One of our major early bets was “Do not be another messaging platform.” We felt strongly that messaging platforms are aplenty and there are a few clear winners in the space. Adding another platform for messaging potential roommates would only add to the user’s pain.

Based on this bet, we tested creating profiles through a responsive website and being introduced to potential roommates through SMS texts.

But users were confused by our method of using Twilio to protect their phone numbers. We believed most communication would be taken outside of our control and found it difficult to explain why the number a user would be texting and calling was not the actual roommates phone number.

Left: wireframing “Paired matching”. Right: Defining flow for SMS introductions.

At the same time, we were testing another major early bet — something we called “paired matching”. Paired matching was the idea that, when filling a four bedroom apartment, if I can just fine one person I’m very confident I’ll like living with, I’m not as concerned about the other two. From the business perspective, we believed matching 2 people first (as a pair) and then matching that pair with one other pair would make decision making easier and speed up the overall process.

Simple illustration showing our rationale behind our early bet “paired matching” to fill the four bedroom apartments

While we didn’t quite fail on this bet, we believe we’ve found a better way and have since reevaluated the way we design around the idea of finding at lease one roommate you like. More on that shortly.

Getting feedback on prototypes along the way

Check out a later prototype which tested our chatbot interface.

Forming and designing our big bets

Bet 1: Take out the guesswork; don’t overwhelm.

A key value-add for our platform is simplicity. RoommieMatch, Craigslist, and Facebook Groups all require users to sift through dozens or hundreds of listings and potential roommates to find one suitable for them. By only recommending users download the app after they tour and are interested in the building, we create a pool of people with high intent and shared interest. We also only introduce you to one or two groups at a time — a distinctly better experience than being bombarded with emails or sifting through hundreds of housing posts.

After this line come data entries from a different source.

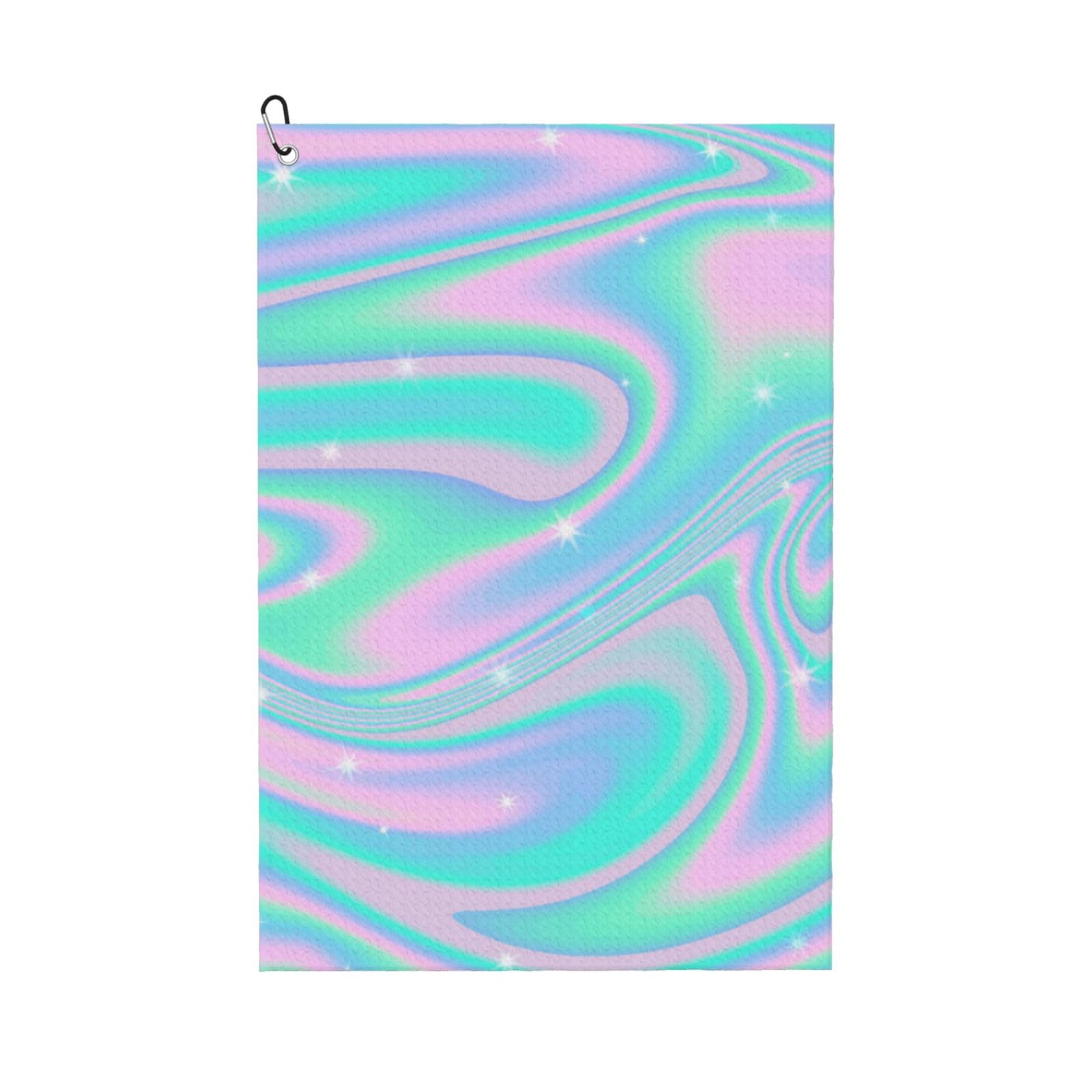 Hnnkloy Holographic Abstract Background In Pastel Neon, 16x24 in Portable Waffle Golf Towels with Carabiner Clip for Golf Bag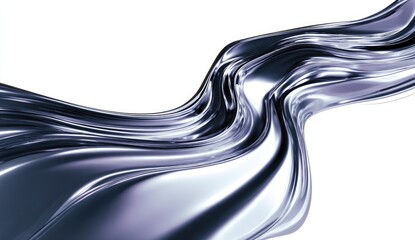 Abstract metallic drapery flowing on white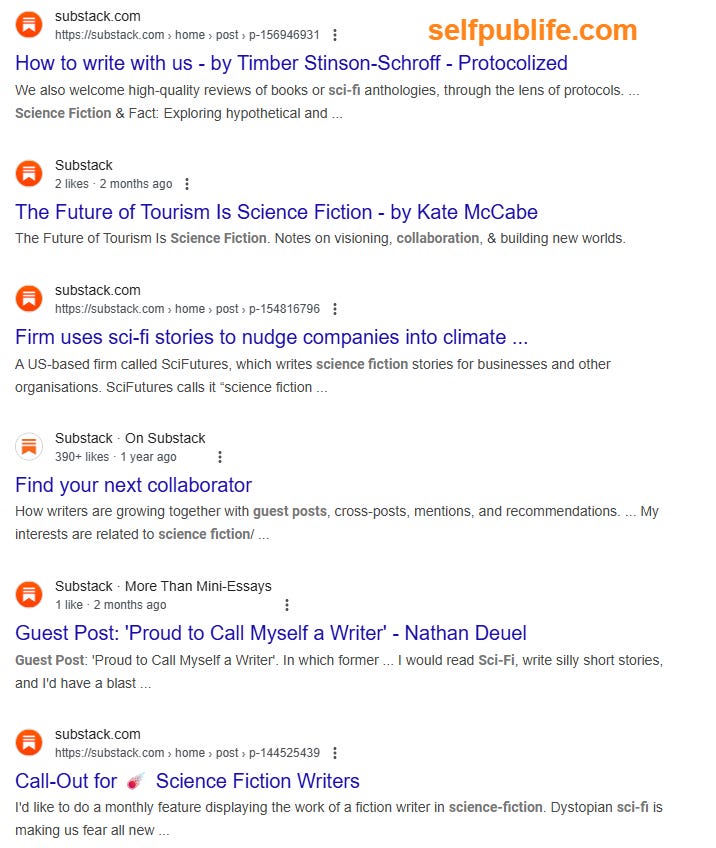 Screenshot of Google search results for Substack sci-fi collaborators Screenshot of Google search results for Substack sci-fi collaborators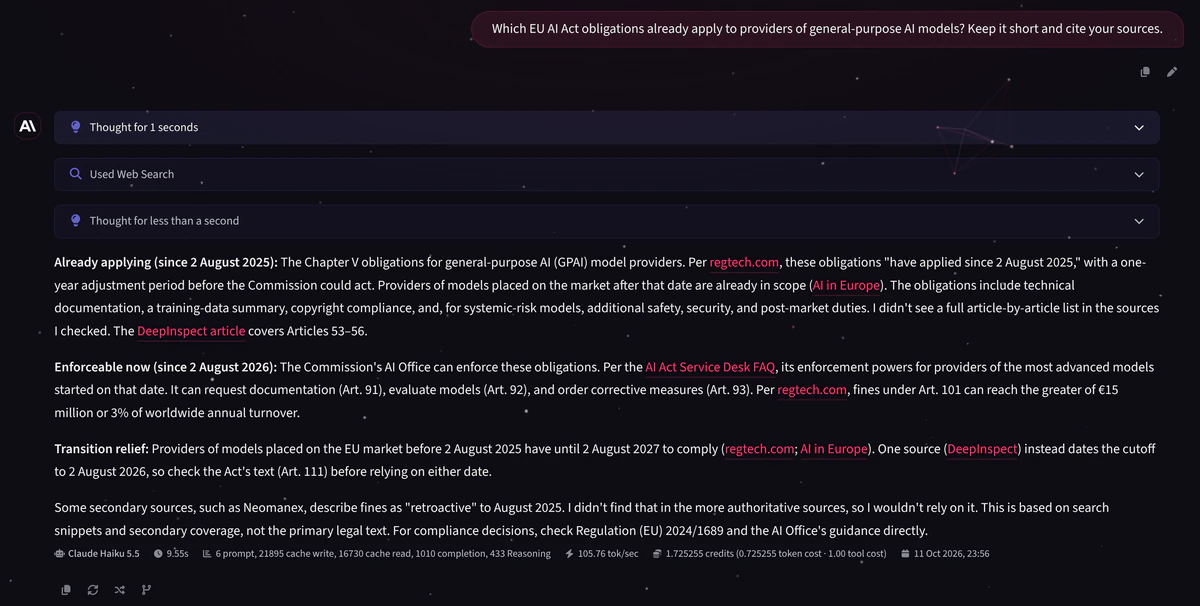 MTN AI chat answering a prompt, with the model picker and per-message cost shown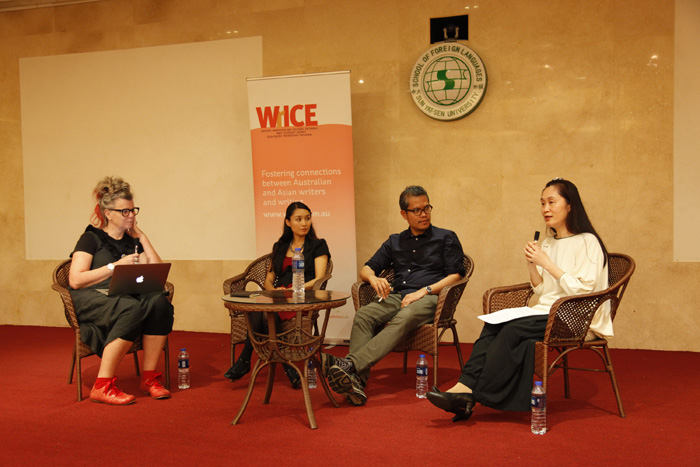 左起:Francesca Rendle-short, Alice Pung, Lawrence Ypil, 戴凡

Bet 2: Help ensure safety.

Every person’s Covalent profile starts by signing in with Facebook. We explain this in onboarding to show how seriously Covalent takes safety. Additionally, each profile is reviewed by a human

Bet 3: Be a catalyst for action.

A clear theme in our research was that many conversations led to non-starters. We didn’t want that to happen on our platform so we incorporate Heather into every conversation with suggestions and call-to-actions along the way.

Bet 4: Introduce people in groups of four.

Introducing people in groups of four maximizes the chance any given roommate finds someone he or she likes in a group. We’re still betting that you’re better off finding one person you really think you want to live with — but by introducing you in groups of 4, we’re tripling the chances that you find that person.

Iterations & designing details

A few challenges in the later-stage design stages along with iterations of how we solved them and why.

Challenge 1: How to make an intuitive interaction when replying to Heather, our chatbot? Solution: Make quick reply buttons resemble “sent” messages.

Challenge 2: How to make names visible and profiles accessible when in a group chat with potential roommates? Solution: minimal information on message screen + swipe down or tap top-right button to expand.

Challenge 3: How to design a rating interaction that is fun and intuitive? Solution: Three emojis — “yes”, “no”, “not sure”.

Challenge 4: How to seamlessly navigate and search through the app? Solution: gesture-based navigation throughout app (similar to Instagram) with Search button always available on menu.

Next steps, reflection, and learnings

As project moves into development, we will focus on designing more details like interactions and enhancing visuals. I will also support the engineering team (try to make their lives easier) and help define what we need to measure so we can make data-informed decisions post-launch.

Overall, I’m very satisfied with what the team accomplished in six weeks. At the top of my list of learnings: the importance of prototyping rapidly by ignoring my pixel-perfect tendencies.